__Work to complete__
Every line of the entries below from the one containing "NASA's Webb telescope" to the one containing "Vianočný zápich so sobom – Boldog Karácsonyt", both ends included, must be written out exactly. No other line belongs in the answer.

__Input material__
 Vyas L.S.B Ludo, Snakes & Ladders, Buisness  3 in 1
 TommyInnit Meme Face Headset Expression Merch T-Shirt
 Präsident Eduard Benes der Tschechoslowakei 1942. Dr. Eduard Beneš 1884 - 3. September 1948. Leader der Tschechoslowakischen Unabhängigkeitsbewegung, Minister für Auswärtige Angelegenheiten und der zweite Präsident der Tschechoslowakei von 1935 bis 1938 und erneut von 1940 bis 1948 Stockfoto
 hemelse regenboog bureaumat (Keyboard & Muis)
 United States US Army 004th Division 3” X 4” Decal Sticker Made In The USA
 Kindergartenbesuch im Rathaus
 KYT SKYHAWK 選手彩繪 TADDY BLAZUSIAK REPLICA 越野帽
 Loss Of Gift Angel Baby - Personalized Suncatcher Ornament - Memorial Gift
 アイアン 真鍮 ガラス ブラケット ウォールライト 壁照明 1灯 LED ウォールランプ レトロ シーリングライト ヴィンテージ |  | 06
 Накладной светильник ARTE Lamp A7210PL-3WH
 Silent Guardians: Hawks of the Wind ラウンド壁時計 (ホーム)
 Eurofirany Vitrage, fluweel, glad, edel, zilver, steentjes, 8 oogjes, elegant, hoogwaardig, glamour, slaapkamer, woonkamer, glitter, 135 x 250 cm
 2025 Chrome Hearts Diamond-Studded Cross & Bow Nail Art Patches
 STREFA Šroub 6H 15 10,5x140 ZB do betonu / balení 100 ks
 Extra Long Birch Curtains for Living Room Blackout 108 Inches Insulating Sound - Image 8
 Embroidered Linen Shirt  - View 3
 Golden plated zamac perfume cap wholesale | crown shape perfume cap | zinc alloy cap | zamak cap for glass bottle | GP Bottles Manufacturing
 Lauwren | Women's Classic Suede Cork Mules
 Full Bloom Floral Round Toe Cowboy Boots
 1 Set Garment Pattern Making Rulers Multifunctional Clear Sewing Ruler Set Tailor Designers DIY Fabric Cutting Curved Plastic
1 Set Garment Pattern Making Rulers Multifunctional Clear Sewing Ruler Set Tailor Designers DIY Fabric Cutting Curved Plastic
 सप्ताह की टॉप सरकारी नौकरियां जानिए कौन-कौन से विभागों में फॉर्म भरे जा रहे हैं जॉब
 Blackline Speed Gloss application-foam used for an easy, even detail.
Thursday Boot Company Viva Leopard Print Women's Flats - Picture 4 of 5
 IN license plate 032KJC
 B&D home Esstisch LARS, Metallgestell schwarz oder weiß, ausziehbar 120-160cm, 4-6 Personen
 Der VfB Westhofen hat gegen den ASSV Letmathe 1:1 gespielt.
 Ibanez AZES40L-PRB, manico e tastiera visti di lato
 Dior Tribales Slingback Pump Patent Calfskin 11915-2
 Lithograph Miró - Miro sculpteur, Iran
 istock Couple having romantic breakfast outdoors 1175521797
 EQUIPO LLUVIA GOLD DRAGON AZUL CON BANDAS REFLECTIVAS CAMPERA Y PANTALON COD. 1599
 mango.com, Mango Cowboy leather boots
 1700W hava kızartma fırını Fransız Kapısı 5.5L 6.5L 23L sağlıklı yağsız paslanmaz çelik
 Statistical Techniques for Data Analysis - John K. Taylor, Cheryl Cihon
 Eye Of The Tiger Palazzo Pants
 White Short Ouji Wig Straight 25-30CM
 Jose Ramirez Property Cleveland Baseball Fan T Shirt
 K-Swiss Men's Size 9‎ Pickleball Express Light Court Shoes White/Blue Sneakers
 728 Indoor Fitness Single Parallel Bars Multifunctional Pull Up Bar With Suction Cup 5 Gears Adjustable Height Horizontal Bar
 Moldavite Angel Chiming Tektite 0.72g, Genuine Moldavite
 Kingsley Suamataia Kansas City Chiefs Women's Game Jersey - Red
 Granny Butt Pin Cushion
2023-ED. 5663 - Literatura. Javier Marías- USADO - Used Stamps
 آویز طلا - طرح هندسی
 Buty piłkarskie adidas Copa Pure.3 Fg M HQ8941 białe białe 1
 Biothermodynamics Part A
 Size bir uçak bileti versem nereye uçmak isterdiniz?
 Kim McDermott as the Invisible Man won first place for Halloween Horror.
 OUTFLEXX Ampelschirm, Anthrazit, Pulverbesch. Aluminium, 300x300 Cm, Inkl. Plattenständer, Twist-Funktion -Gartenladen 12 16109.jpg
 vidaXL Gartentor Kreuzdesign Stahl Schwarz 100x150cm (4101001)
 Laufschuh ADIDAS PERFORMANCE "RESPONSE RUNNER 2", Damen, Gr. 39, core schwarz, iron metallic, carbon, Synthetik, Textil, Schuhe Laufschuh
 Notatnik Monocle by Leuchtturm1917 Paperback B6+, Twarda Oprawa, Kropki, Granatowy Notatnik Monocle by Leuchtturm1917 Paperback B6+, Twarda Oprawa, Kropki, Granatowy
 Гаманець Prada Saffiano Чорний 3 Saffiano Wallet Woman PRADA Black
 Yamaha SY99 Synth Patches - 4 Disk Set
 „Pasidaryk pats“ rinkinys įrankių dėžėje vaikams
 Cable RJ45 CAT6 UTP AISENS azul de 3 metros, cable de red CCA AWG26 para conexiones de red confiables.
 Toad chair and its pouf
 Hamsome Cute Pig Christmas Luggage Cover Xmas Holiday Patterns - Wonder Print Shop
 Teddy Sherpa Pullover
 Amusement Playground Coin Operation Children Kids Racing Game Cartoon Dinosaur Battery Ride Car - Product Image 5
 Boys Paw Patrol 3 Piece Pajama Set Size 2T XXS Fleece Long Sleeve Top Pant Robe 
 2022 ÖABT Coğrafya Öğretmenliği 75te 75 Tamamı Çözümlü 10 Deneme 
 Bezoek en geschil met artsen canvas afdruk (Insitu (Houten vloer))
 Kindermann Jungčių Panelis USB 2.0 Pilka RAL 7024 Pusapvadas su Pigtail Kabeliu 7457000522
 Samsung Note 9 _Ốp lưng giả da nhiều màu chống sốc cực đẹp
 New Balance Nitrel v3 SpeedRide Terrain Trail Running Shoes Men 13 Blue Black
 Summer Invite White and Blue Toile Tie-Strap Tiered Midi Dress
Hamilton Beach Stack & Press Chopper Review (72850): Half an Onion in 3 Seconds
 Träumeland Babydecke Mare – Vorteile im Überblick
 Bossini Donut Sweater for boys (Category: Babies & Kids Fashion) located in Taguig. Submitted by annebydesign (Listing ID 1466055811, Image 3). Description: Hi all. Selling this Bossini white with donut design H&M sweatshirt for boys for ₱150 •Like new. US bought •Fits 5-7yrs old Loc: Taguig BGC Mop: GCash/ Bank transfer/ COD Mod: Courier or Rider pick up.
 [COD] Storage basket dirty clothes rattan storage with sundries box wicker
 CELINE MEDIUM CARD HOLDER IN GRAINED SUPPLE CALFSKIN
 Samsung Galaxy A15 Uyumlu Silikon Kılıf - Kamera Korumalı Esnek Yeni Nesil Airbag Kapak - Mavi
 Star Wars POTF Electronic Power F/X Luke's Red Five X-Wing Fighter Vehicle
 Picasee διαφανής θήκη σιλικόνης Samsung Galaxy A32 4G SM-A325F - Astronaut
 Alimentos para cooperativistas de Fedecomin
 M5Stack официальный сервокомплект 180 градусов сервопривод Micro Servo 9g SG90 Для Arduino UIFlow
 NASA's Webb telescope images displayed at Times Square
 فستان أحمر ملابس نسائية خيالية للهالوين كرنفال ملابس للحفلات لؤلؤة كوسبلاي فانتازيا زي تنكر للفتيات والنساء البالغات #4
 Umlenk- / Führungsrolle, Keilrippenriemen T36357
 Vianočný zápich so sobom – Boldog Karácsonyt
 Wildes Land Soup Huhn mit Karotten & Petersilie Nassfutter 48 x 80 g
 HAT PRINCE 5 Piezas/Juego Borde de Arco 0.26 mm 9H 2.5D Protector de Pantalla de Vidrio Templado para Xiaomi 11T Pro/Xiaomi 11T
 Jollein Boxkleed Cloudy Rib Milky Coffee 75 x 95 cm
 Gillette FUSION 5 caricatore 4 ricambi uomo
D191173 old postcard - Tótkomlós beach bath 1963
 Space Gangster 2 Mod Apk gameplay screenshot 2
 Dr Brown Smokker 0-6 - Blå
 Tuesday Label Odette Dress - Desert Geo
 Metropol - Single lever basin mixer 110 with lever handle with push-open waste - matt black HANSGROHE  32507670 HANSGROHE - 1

__Solution to the exercise__
 NASA's Webb telescope images displayed at Times Square
 فستان أحمر ملابس نسائية خيالية للهالوين كرنفال ملابس للحفلات لؤلؤة كوسبلاي فانتازيا زي تنكر للفتيات والنساء البالغات #4
 Umlenk- / Führungsrolle, Keilrippenriemen T36357
 Vianočný zápich so sobom – Boldog Karácsonyt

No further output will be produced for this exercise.